EV production rises as India's mobility landscape evolves
Growth in India’s automotive sector is accompanied by the gradual but promising trend of gravitation towards electric vehicle (EV). A new study finds that sales of electrical vehicles in India is set to reach nearly 1 million over the 2019 financial year, driven by targeted government initiatives.
The rapid rate of economic growth across India has given rise to two scenarios. On the one hand, prosperity levels amongst an increasingly urbanised population have increased, fuelling growth in the consumer market. The automotive sector, which in India still is regarded as a luxury consumer industry, has benefited directly from this scenario.
A joint PwC and ASSOCHAM study reports that India’s automotive sector has been growing at a compound annual growth rate of 8.6% over the last four years. Alongside increasing prosperity and urbanisation, PwC also attributes this growth to facts such as a substantial millennial population, and grater investment in roads, highways and other transport infrastructure.
While this growth has brought India among the largest automotive markets in the world, it has simultaneously placed new burdens on the country, which represents the second scenario. India is now burdened with ensuring that its substantial body of vehicles causes minimal environmental damage.
The country’s large population already paves the way for an expansive automotive market, further compounded by a vibrant commercial vehicle economy. The authors highlight that nearly 4 million taxis have been added to India’s light commercial vehicle (LCV) fleet since 2002, taking LCVs to 4% of all vehicles on Indian roads.
Growth in the private and commercial vehicle space is likely to increase the environmental strain in India. As a result, the government of India has embarked on a mission similar to that being carried out in a number of other major economies – a comprehensive transition to EVs.

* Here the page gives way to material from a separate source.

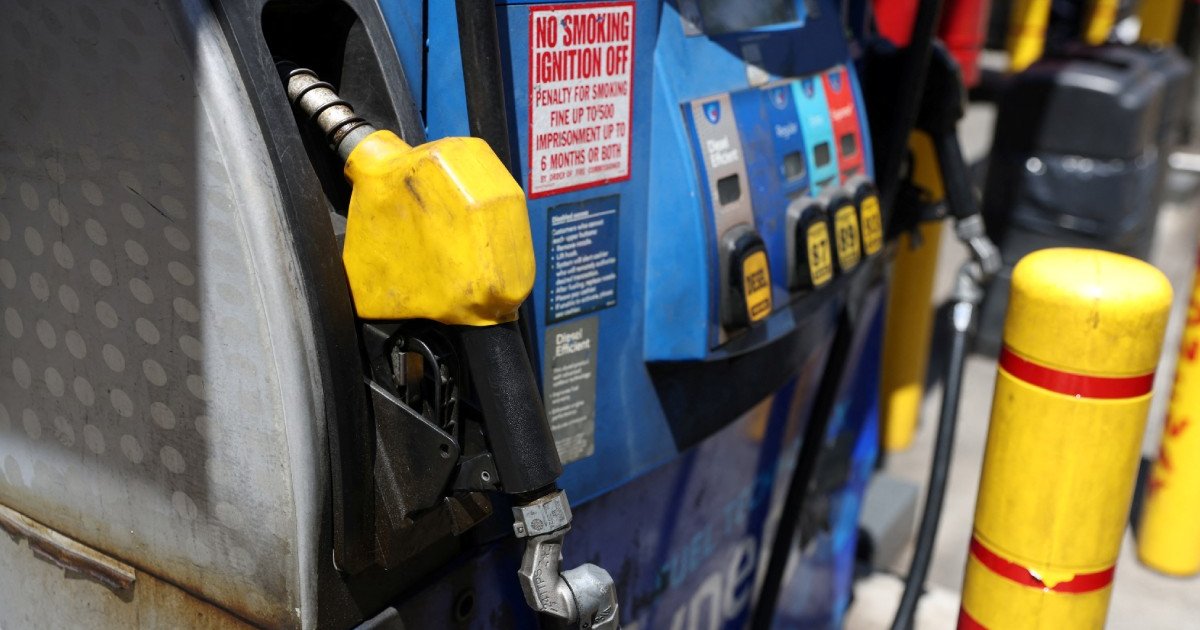 Sube precio de petróleo tras comentarios de EU sobre compras indias a Rusia Sube precio de petróleo tras comentarios de EU sobre compras indias a Rusia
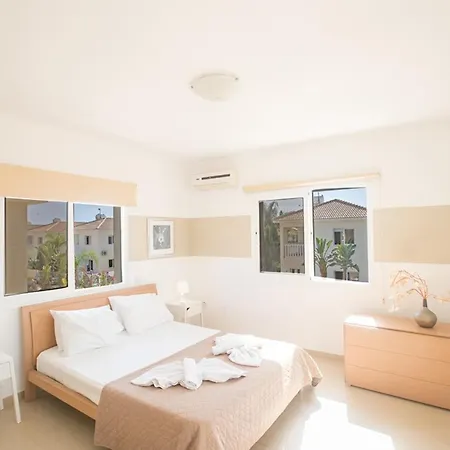 The Ultimate 5 Star Holiday In With Private Pool And Close To The Beach 1383 *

Part of these efforts has been the ‘Faster Adoption and Manufacturing of (Hybrid and) Electric Vehicles (FAME)’ scheme, which was launched in 2015. This segment has contributed to significant increases in the sale and production of EVs.
The government’s working objective has been to achieve 100% electrification – at least on the production side – by as early as 2030, although the practical manifestation of this mission might vary considerably. India has achieved a rapid rate of electrification, and consumers are growing increasingly receptive to switching to the eco friendly and fuel efficient option.

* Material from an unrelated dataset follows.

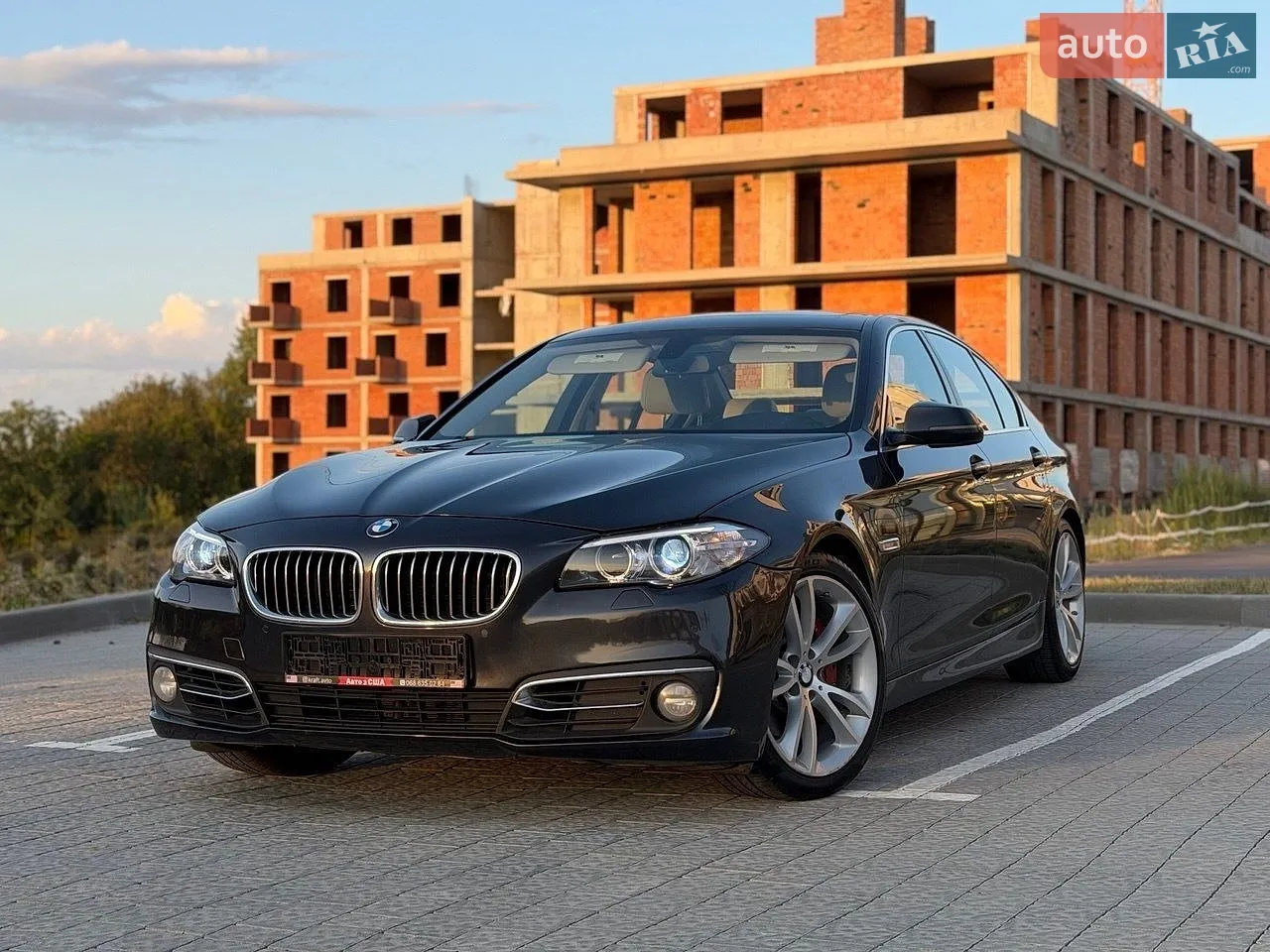 2014 BMW 5er - мініатюра 2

However, the current rate of electrification will take India to between 30% and 40% by 2030. To accelerate this process, a number of stakeholders will have to contribute to generating greater momentum in the market. PwC and ASSOCHAM have detailed some of the various factors that could contribute to electrification in the near future, which are clubbed into five categories.

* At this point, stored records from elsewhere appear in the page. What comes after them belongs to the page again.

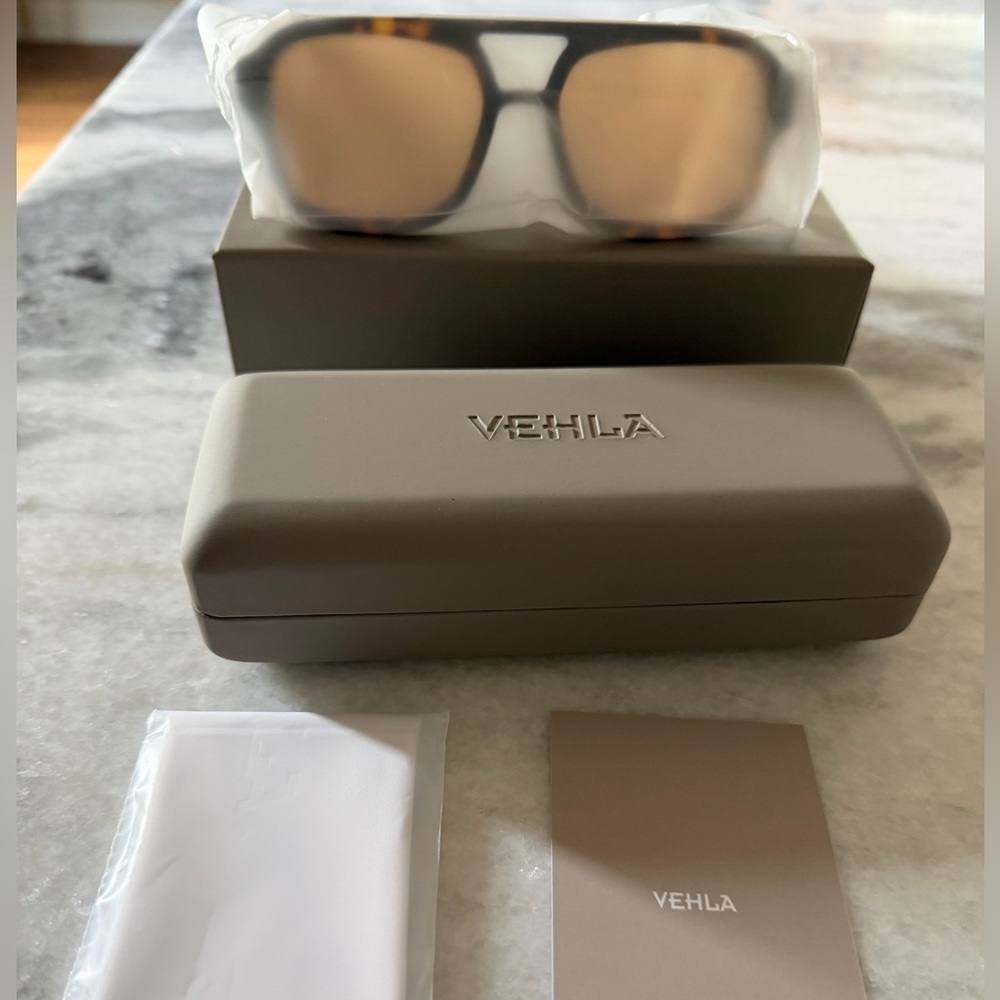 Vehla Dixie Sunglasses-Brand New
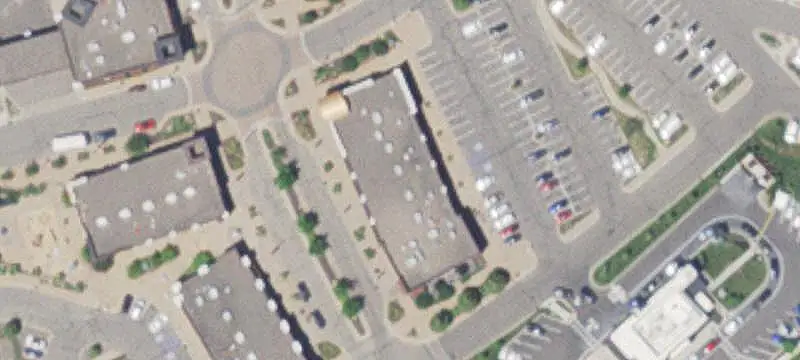 Shopping Center With Restaurant Space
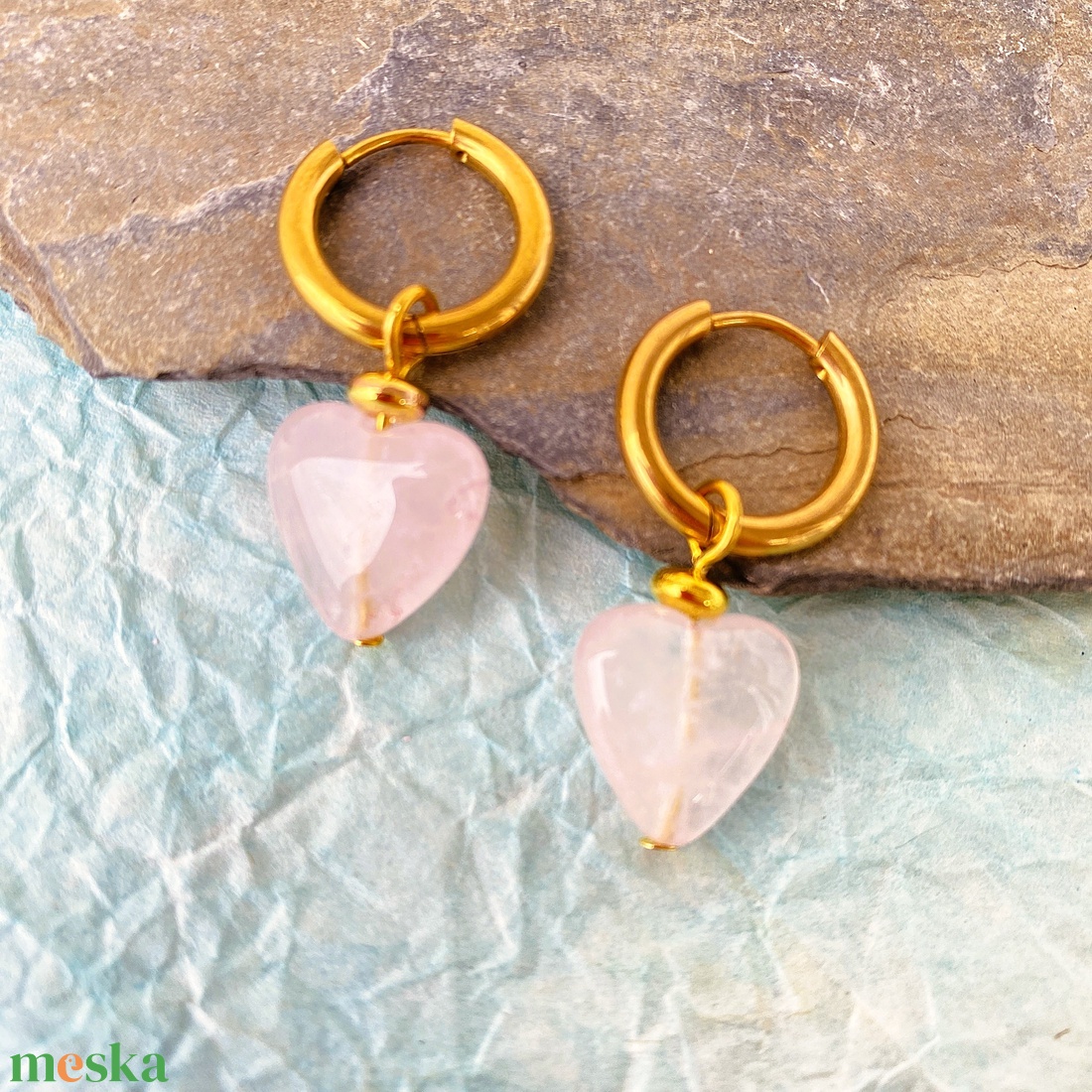 Rózsakvarc szív charm  - ásvány fülbevaló nemesacél karika alapon - ékszer - fülbevaló - karika fülbevaló - Meska.hu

The first category, ‘environmental concerns’, includes factors such as the change in price of crude oil, depletion of fossil fuels, increasing pollution, reduction in solar tariffs and increasingly regulatory burdens to minimise fuel consumption, all of which might accelerate the electrification process.
The second category is ‘government support’ which includes the “creation of EV demand, promotion of indigenous manufacturing and increasing EV customer awareness,” among others. The status of charging infrastructure in India is the third set of factors, which involves public and private investment, regulatory frameworks and the integration of the grid with charging stations.
The fourth set of factors – labeled ‘supply chain & distribution’ – includes the availability of the material required to make EVs and their components, and the establishment of incentives to push car dealers into selling EVs. ‘Customer acceptance’ is the fifth set of factors, which includes awareness of the economic rationale behind purchasing electrical vehicles.